Le drapeau de l’Union européenne flottant sur la place du minuscule village allemand de Gadheim, en Bavière, constitue le seul indice pour expliquer la venue de médias du monde entier dans ce coin perdu…
Une poignée de demeures sont nichées sur les collines de cette région viticole du sud de l’Allemagne, jalonnant une route bordée de champs où se dressent des éoliennes. En 2019, à la fin prévue des négociations de sortie de la Grande-Bretagne de l’Union européenne, les 89 habitants de Gadheim se retrouveront au centre géographique de l’UE, selon l’Institut Géographique National (IGN) à Paris.
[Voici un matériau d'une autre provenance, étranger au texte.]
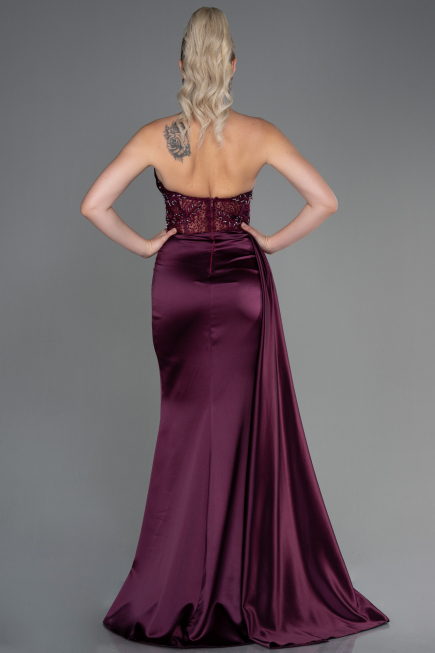 Robe De Soirée Satin Longue Couleur Cerise ABU2127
La plupart ont appris la nouvelle à la radio, affirme Jürgen Götz, maire de Veitshöchheim, une commune proche. Gadheim est trop petit pour avoir un maire. « Nous avons pensé à un poisson d’avril », s’amuse l’édile, attablé à l’hôtel du village. Mais ses habitants sont fiers du coup de projecteur donné à leur région bucolique. Et ont déjà planté la bannière étoilée sur la place du village. « Mon mari a toujours dit que nous étions le centre du monde », plaisante Inge Diek, une villageoise. « Il existe une légende locale selon laquelle Dieu a embrassé la Terre une seule fois, à l’endroit où se trouve Veitshöchheim. Gadheim en fait partie », raconte Jürgen Götz. Les habitants de Gadheim ont même lancé un groupe WhatsApp pour s’amuser de leur renommée et signaler l’endroit.
Dans un champ de colza
La plus surprise d’entre eux est Karin Kessler, cheveux noirs, teint buriné dans ses habits de fermière : c’est précisément dans son champ de colza que le futur centre post-Brexit de l’Union européenne a été localisé. « Mais c’est dommage que cela se produise à cause du Brexit », commente-t-elle, regrettant la décision des Britanniques. Pour elle, l’un des avantages majeurs de l’UE est de traverser la frontière sans contrôle, comme lorsqu’elle se rend en France pour ses vacances. « Et puis, mon père a fait la Seconde guerre mondiale. Il était prisonnier de guerre en France. J’ai de bonnes raisons d’apprécier » l’UE conçue pour rassembler les ennemis héréditaires, explique-t-elle. Karin Kessler attend avec impatience le moment où le Brexit sera définitif, histoire de montrer à son père le drapeau qui flottera alors dans son champ pour marquer le centre de l’UE. Mais « si les Britanniques réfléchissaient à nouveau, alors je serais aussi heureuse… », assure-t-elle.
Un centre qui se déplace
Le centre de gravité de l’Union européenne est situé en Allemagne depuis le 1er mai 2004 et le passage de 15 à 25 pays membres, selon l’IGN. Auparavant, il aura été en Belgique pendant près d’une décennie. Mais depuis 2004, il a changé plusieurs fois de place sur le sol allemand. Quand la Croatie a rejoint l’UE en juillet 2013, c’est le village bavarois de Westerngrund, à environ 60 km au nord-ouest de Gadheim, qui a ainsi hérité de ce statut. Il le perdra avec la sortie de la Grande-Bretagne, au grand dam de sa maire, Brigitte Heim. Car depuis que le centre est ici, « ils savent à Munich, la capitale du Land, que Westerngrund fait encore partie de la Bavière… », raille-t-elle – bien que le dialecte des villageois et leur préférence pour l’Apfelwein (vin de pomme) les rattachent davantage à la Hesse voisine. Environ 6 000 personnes issues de 93 pays – y compris l’Australie et la Mongolie – ont signé le livre d’or de la commune, conservé depuis 2013 à l’abri sur une pelouse soignée et bordée d’une rangée de drapeaux : ceux de la ville, le canton, l’État régional, l’Allemagne et l’UE.
« Le Brexit est un pas en arrière »
« Nous pensions que les bus de touristes chinois déferleraient ici chaque semaine. Il n’en a rien été », regrette toutefois le boulanger local Christoph Biebrich, qui a conçu des pains en forme d’anneau avec un « nombril de l’UE » au centre. Il souligne que les locaux et les touristes de passage aiment pique-niquer à cet endroit, ou bien randonner à pied ou en VTT le long de la piste reliant Westerngrund… au précédent centre désigné de l’UE, situé dans la commune de Meerholz, à une quinzaine de kilomètres de là.
Les habitants de Westerngrund et de Gadheim font un vœu : celui que la prochaine fois, le centre de l’UE se déplace en raison de l’adhésion d’un nouveau membre et non d’un départ. « Le Brexit est un pas en arrière, ça ne peut pas continuer », juge Brigitte Heim. Et « bien sûr, nous espérons que la France n’empruntera pas le même chemin… », lance-t-elle, attentive à l’élection présidentielle voisine.